In details, they relied on the Special Unit’s swift and rapid strikes, which dealt with each goal individually and separately from the other.
The Syrian Army’s control operations started particularly when the units cleansed Abl village i.e. near the International Damascus-Homs highway. In a speedy and swift operation, the army succeeded in entering the town despite the powerful fortifications built by al-Nusra Front.
This progress formed the entrance to the army’s movement towards the Western and Southern country sides of al-Qseir since the village is linked to both al-Qseir and the Lebanese borders, particularly Arsal area which has become an advanced base for supplying the militants in the region with weapons and insurgents.
From Abl, the Syrian Army moved to the strategic Prophet Mando’s Hill, that oversees the countryside of al-Qseir.
The field’s rules stated that the side that controls Prophet Mando’s Hill is to impose its conditions and as well as the battle’s rhythm. And this what happened, when the Syrian army controlled the region.
The Syrian army advanced in a well-rhythmic manner, and the movement of the troops was highly coordinated so that the units entered the villages and towns in the Western and Southern country sides of al-Qseir, respectively.
The surprise element was the most prominent in the battle, especially as the tactics of the army wasn’t classical this time.
The armed groups thought that the battle will begin with the entrance of the Syrian army’s armored vehicles. Thus, the militants resorted to booby-trapping and mining the roads leading to the villages.
However, the army units- led by the engineering units- entered under heavy fire cover. They dismantled the mines, opening the way to the Special Units. This led to the total confusion among the armed groups’ militants.
The outcome of the battle was: al-Qseir region, the West of the Orontes River, became under the control of the Syrian army.

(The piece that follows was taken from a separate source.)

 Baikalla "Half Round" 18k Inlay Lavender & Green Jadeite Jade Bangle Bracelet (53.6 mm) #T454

They Syrian army managed to cut off roads of supply lines and smuggling of militants from the Lebanese territory, both from the Bekaa and North Lebanon.
This comes as the army continued to siege the armed groups in the region, which was the central point in the flow of arms and insurgents towards the central Syrian regions.

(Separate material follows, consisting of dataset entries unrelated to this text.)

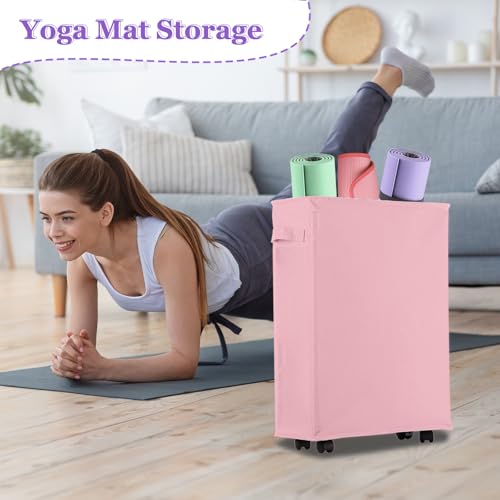 Image of 42L Slim Laundry Basket with Wheels, Rolling Laundry Hamper for Small Spaces, Collapsible 600D Oxford Dirty Clothes Basket with Brake & Handle, Narrow Laundry Basket for Dorm, Bathroom, Pink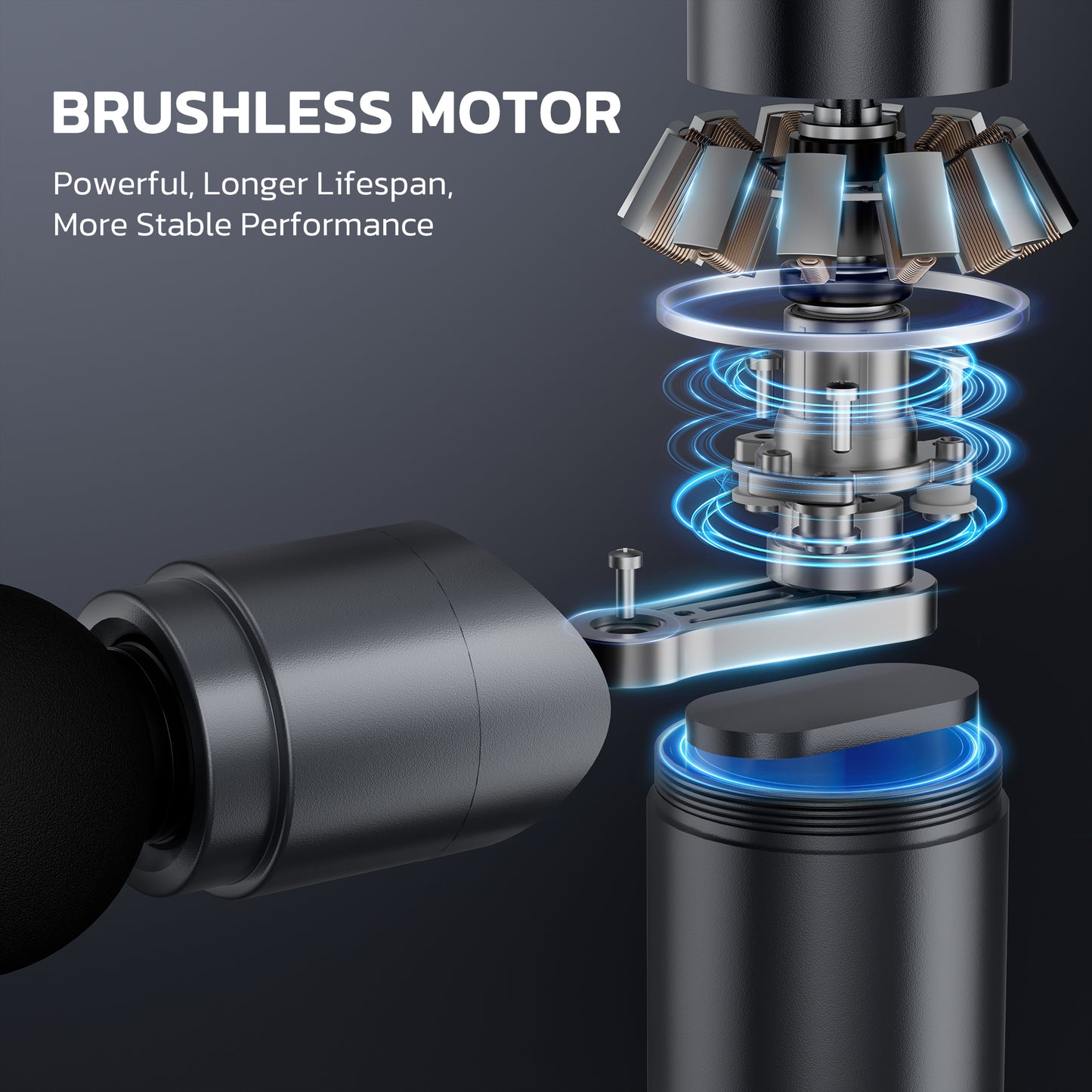 MAXKARE Mini Massage Gun – Portable Handheld Deep Tissue Massager, Quiet & Lightweight Palm-Sized Design – Gray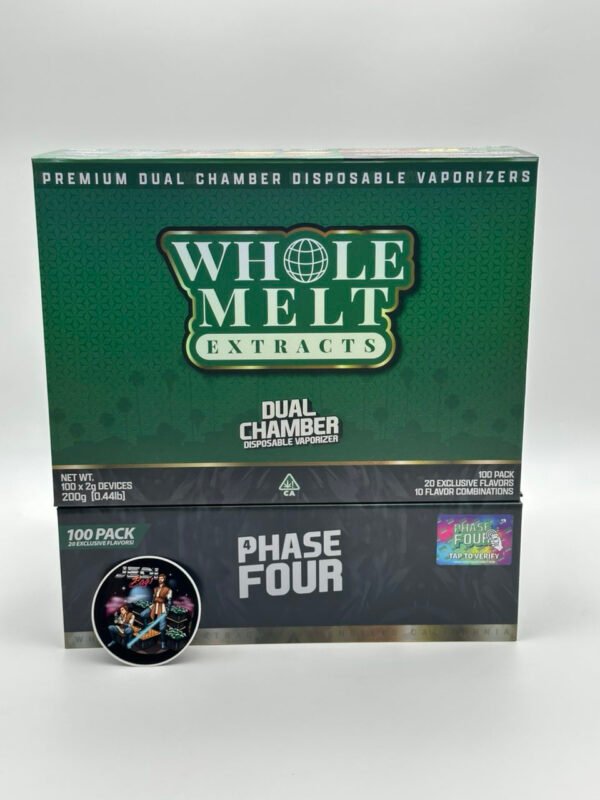 Whole Melt Extracts Dual Chamber Disposable Vaporizer – Phase Four (100 Pack, 20 Flavors)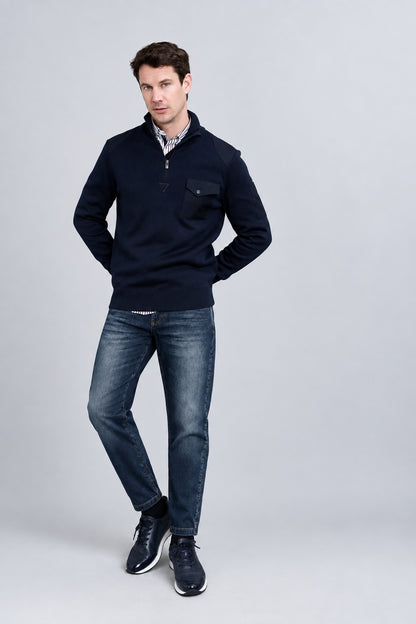 Bruce Regular Fit Jeans aus Baumwolle in Blue-Black-Waschung in blue black, Ansicht 3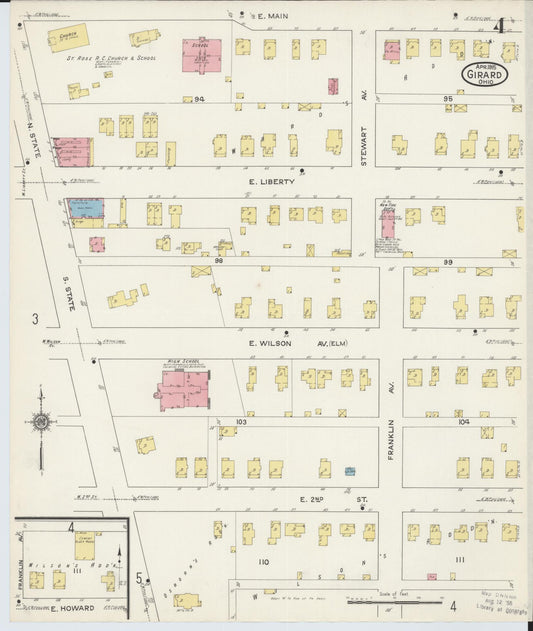 Sanborn Fire Insurance Map from Girard, Trumbull County, Ohio (1915), Sheet #0004 - Historic Sanborn Fire Insurance Map Print, vintage old map wall art, antique decor, genealogy gift, Ohio Ohio map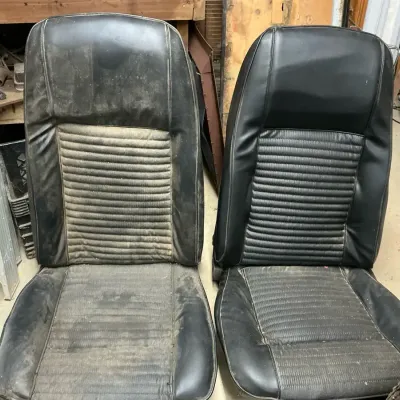 Set Of Black Bucket Seats For 1974 Ford Mustang Mach 1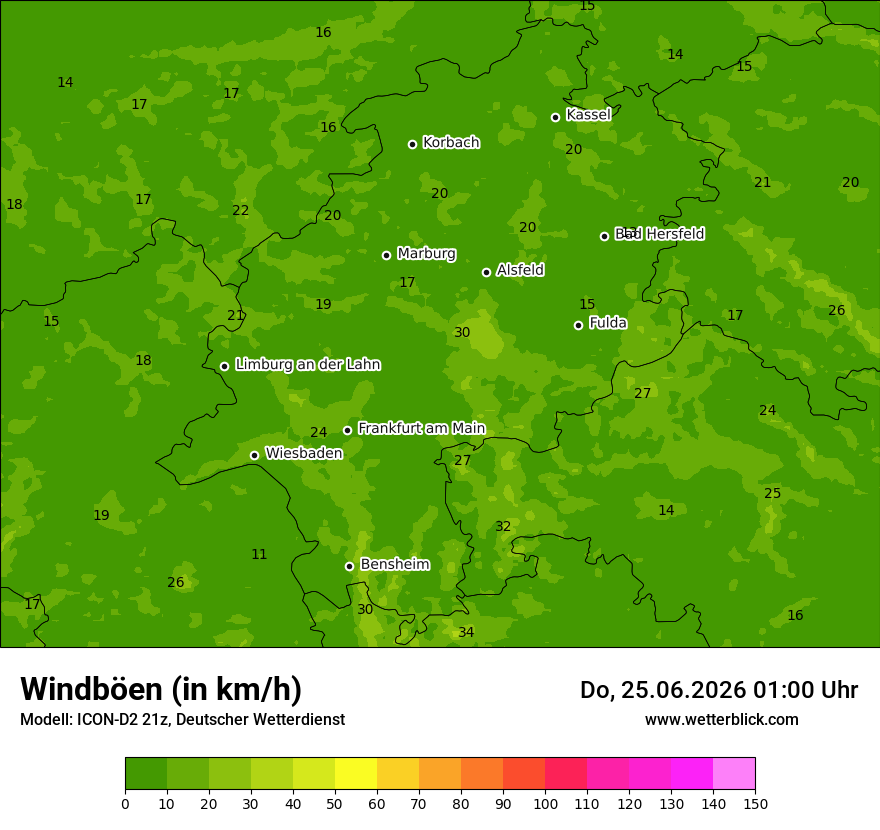 Maximale Windböen
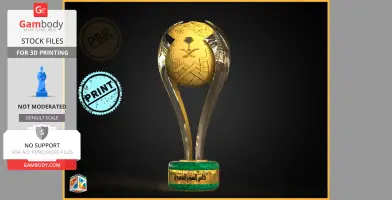 A gold and silver trophy with a globe design and a green base, labeled 'Saudi Super Cup' in Arabic.
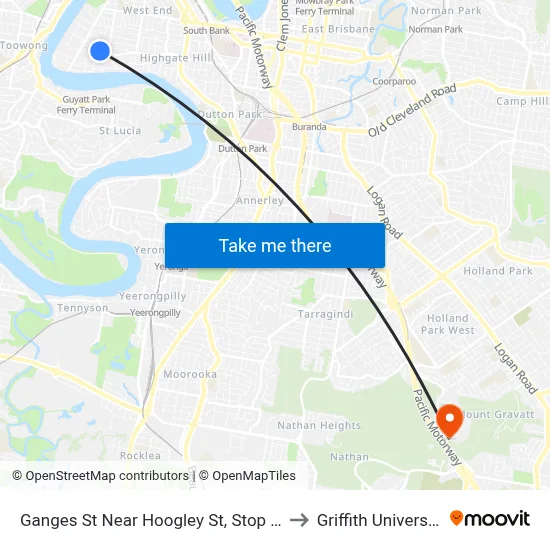 Ganges St Near Hoogley St, Stop 13 to Griffith University map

Meanwhile, the Syrian army continues to regain control of the east side of the Orontes River, preventing al-Qseir fighters from reaching the city of Homs and the Northern Damascus regions.
It is worth mentioning that the militants had tried to expel the people of these villages, in an attempt to turn into al-Nusra Front’s camps, given that the region extends to the Lebanese Jose and al-Qaa region.
Those strategic points resembled a point of concentration for the armed groups [training the insurgents and treating the wounded before being transferred to Syria through illegal crossings, extending all along the East Lebanese Mountain to reach Tel Kalakh].
It is worth mentioning that that Syrian Army’s morale is very high, due to the success of the plans and the precise and thoughtful achievement of the operation as well as the careful coordination between the army units.
In conclusion, al-Qsseir’s battle is one of the most strategic operation that the Syrian Army performed in parallel to cleansing Damascus country sides as well as south and east of Aleppo.